Short web captions:

-------------------------

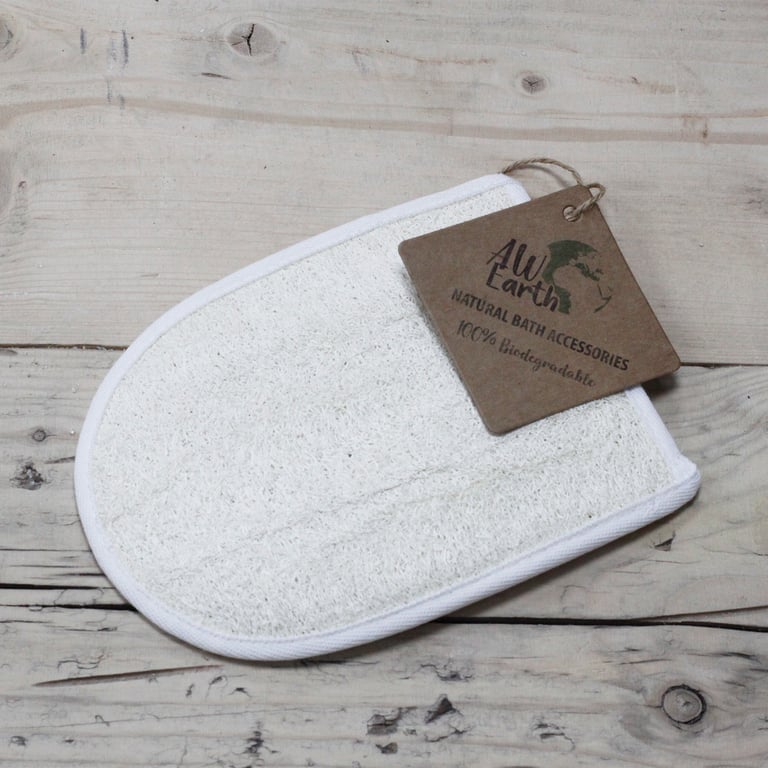 Natural Loofah Hand Wrap Exfoliator - Gentle Organic Body Scrub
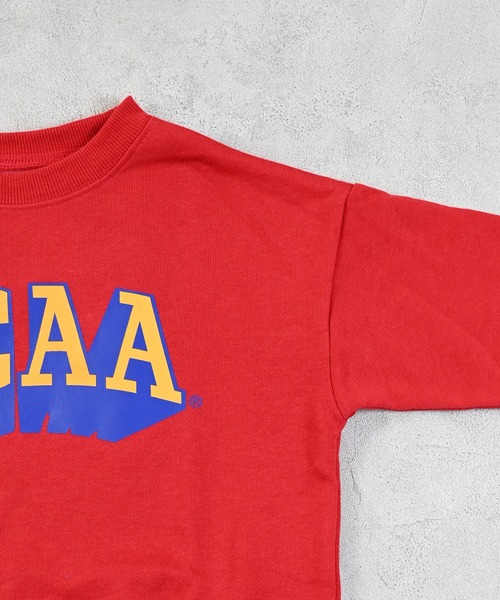 NCAA（エヌシーエーエー）の「【NCAA】ロゴプリントクルーネックスウェット（スウェット・キッズ・ブラック/キナリ/レッド/グリーン・100/110/120/130/140）」の6枚目の写真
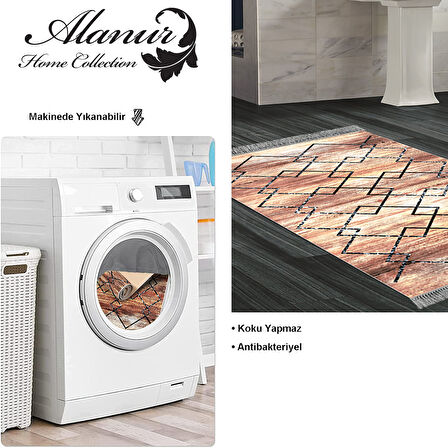 Dekoreko Kaymaz Taban Djt Banyo Halısı Yıldız Deri Saçaklı Modern M5006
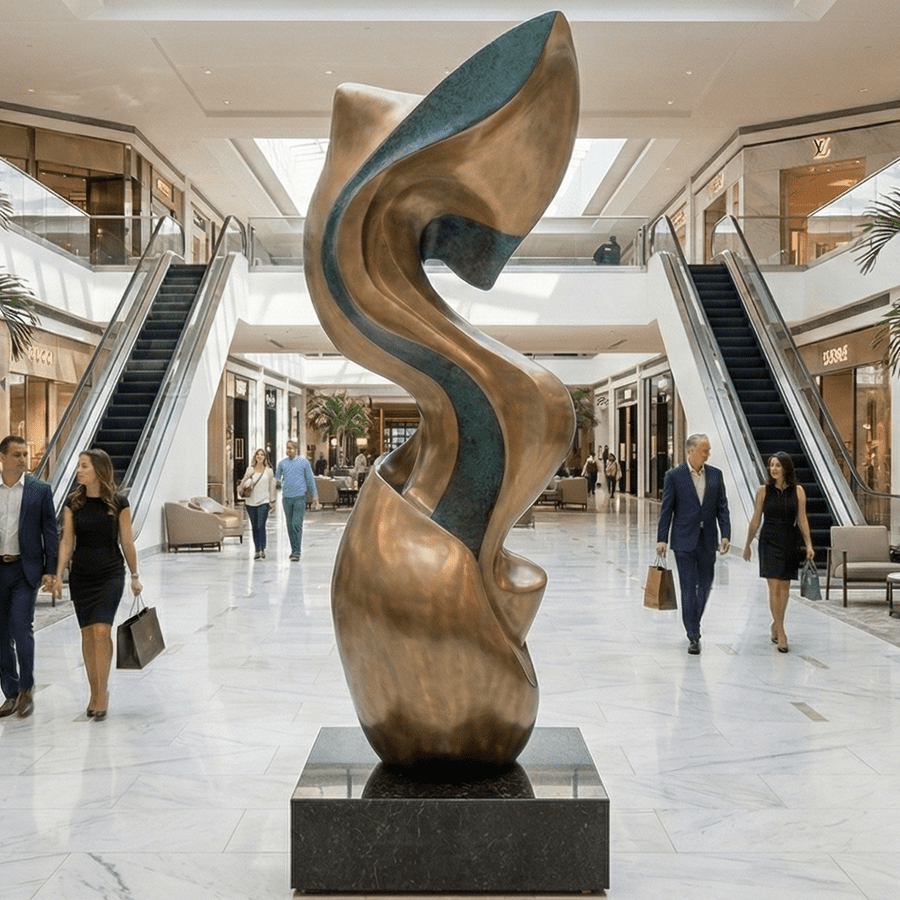Abstract Stainless Steel Sculpture for Corporate Lobby & Commercial Interior - Image 2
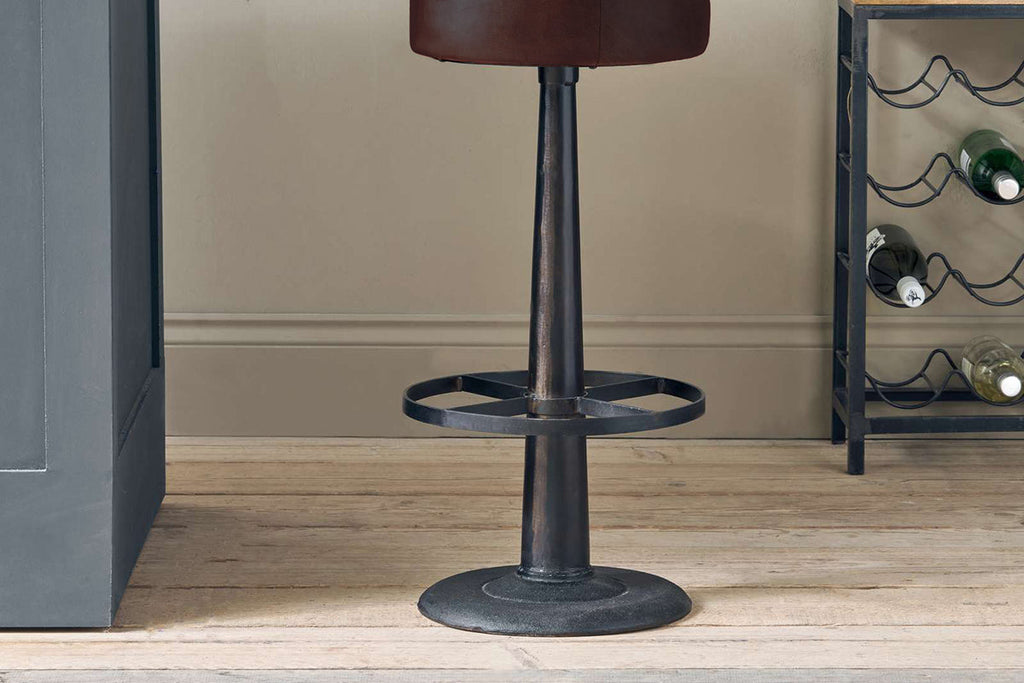 Tabouret rond en cuir Narwana - Marron foncé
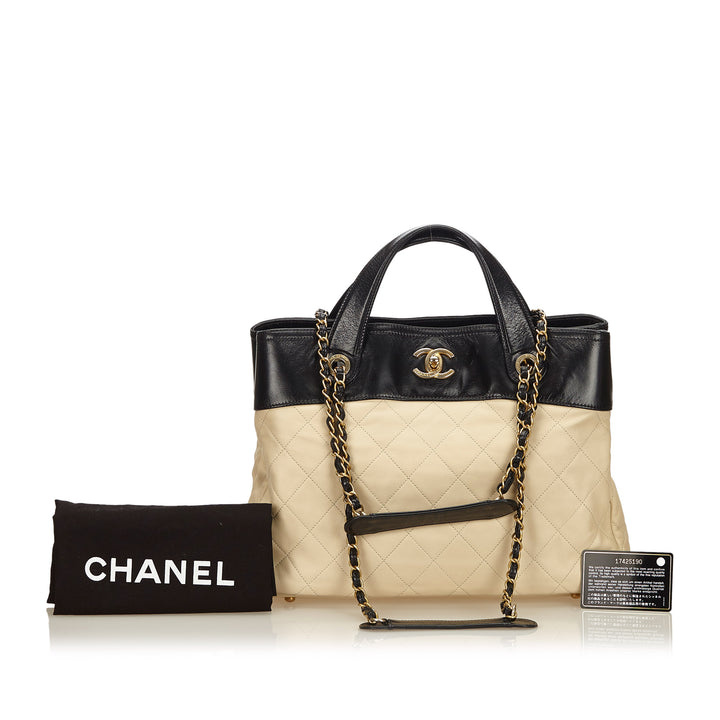 in the mix calf leather tote bag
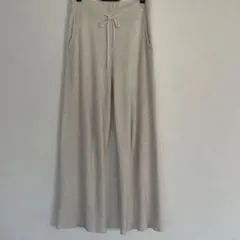 ユニクロ　リブニットパンツ　ワイドパンツ　アイボリー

-------------------------

What is expected
Every line from the one that contains "Tabouret rond en cuir Narwana - Marron foncé" through the end of the records above is to be reproduced exactly; no picture goes in the copy.

Exercise response
 Tabouret rond en cuir Narwana - Marron foncé
 in the mix calf leather tote bag
 ユニクロ　リブニットパンツ　ワイドパンツ　アイボリー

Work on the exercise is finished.